++++ Extracted information

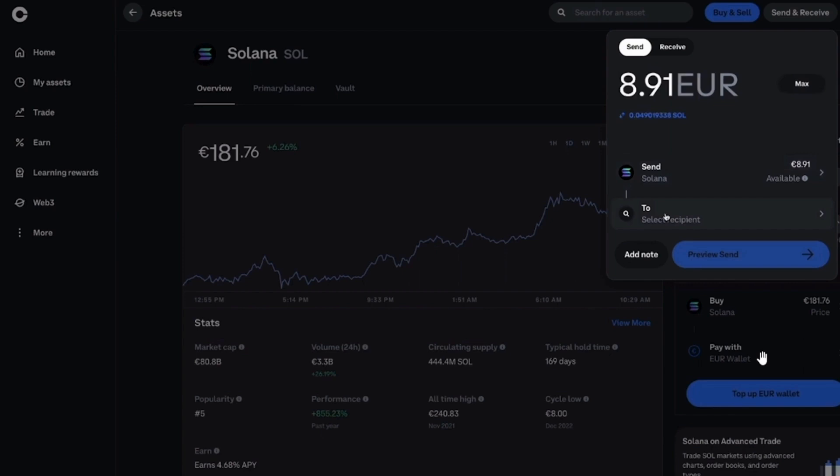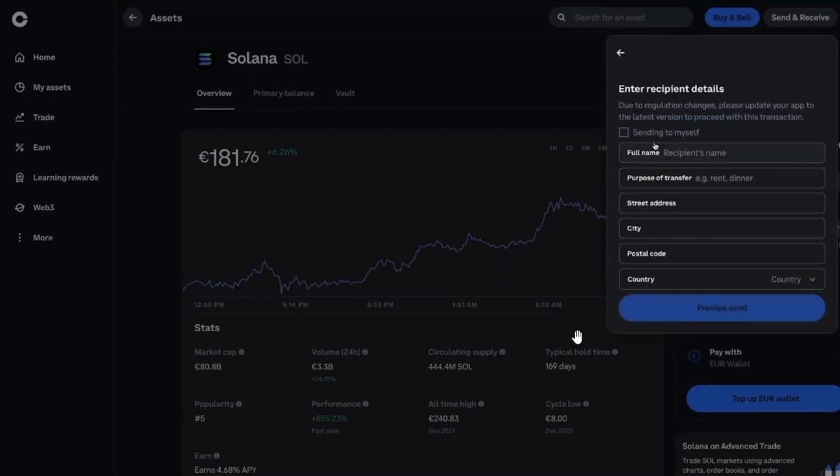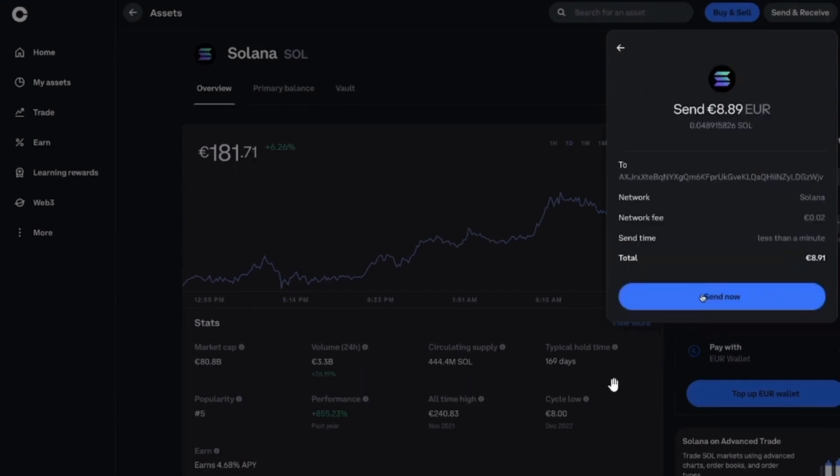After that, click on the Preview Send option. Now you will have to fill up all of these details or you can click on Sending to Myself. Once that is done, click on the Send Now option.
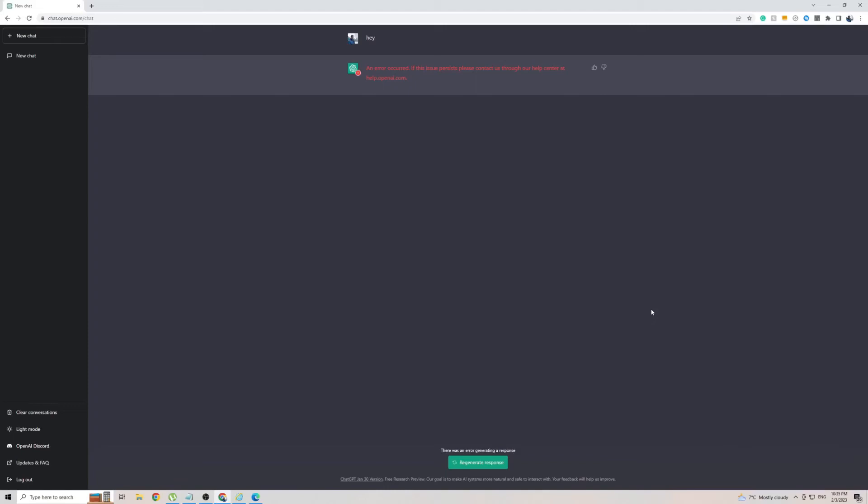In this short video, I'm going to be showing you how to fix the error, an error occurred. If this issue persists, please contact us through our help center at help.openai.com.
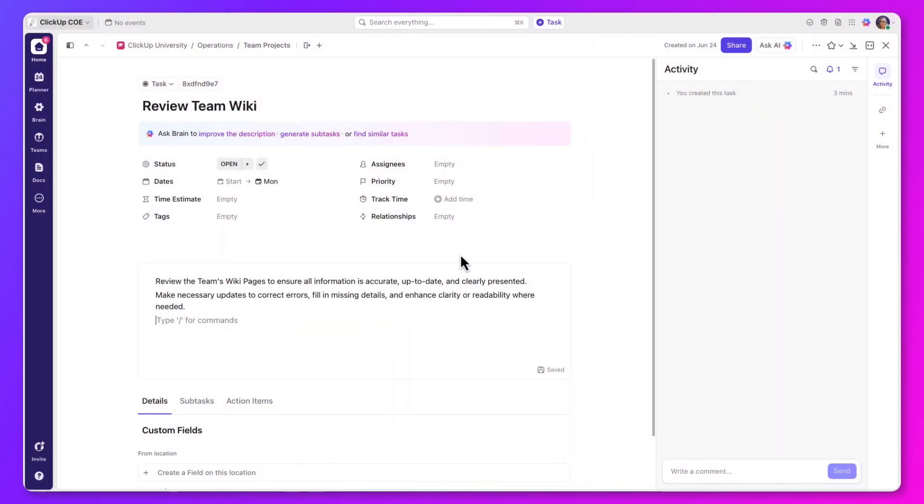For example, create a task and set a time to review your team wiki once per year.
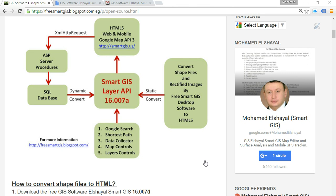In this video we will learn how to convert a GIS shapefile and a rectified image to an HTML website using the SmartGIS software.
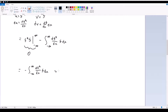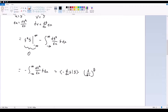We're left with negative the integral from negative infinity to infinity of df-star/dx times f dx. In inner product notation this becomes negative d/dx acting on f, inner product with f. Therefore, the Hermitian conjugate of the operator d/dx is equal to negative d/dx. And with that we are done with part A.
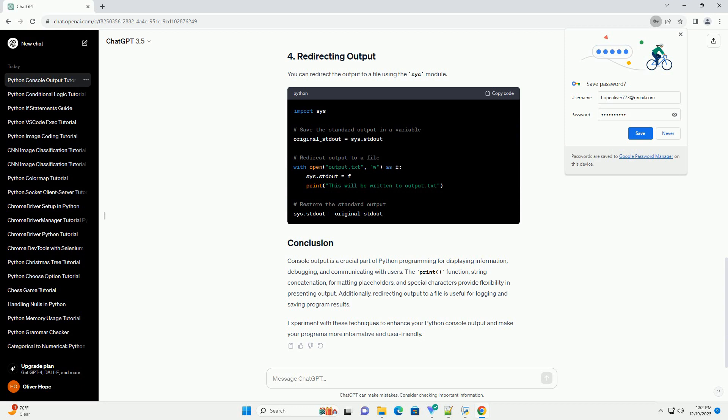and tab characters (backslash t). You can redirect the output to a file using the sys module.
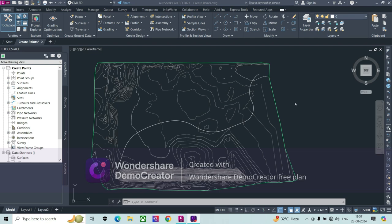Hi friends, our today's topic is related to how to copy the existing ground profile. When we create a long section, we generally see there is an existing ground profile, and then we develop a design profile with reference to the existing ground profile. We can copy a ground profile — for example, if we need a cover of 2 meters constant as per the existing ground profile.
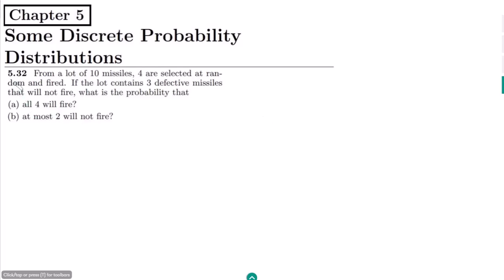Welcome back guys, this is question 5.32. The statement of this question is: from a lot of 10 missiles, four are selected at random and fired. If the lot contains three defective missiles that will not fire, what is the probability that (a) all four will fire, and (b) at most two will not fire?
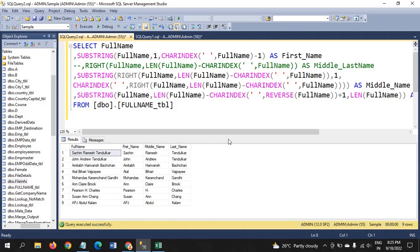This is how you get the first, middle, and last names. If you have an easier method, please let me know in the comments — it will help me as well. Thanks for watching the video, thank you very much.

++++++++

Task goal: Return verbatim every line from the one holding "Welcome back guys, this" to the end of the records above. Do not copy the pictures.

Reply to the task:
Welcome back guys, this is question 5.32. The statement of this question is: from a lot of 10 missiles, four are selected at random and fired. If the lot contains three defective missiles that will not fire, what is the probability that (a) all four will fire, and (b) at most two will not fire?
This is how you get the first, middle, and last names. If you have an easier method, please let me know in the comments — it will help me as well. Thanks for watching the video, thank you very much.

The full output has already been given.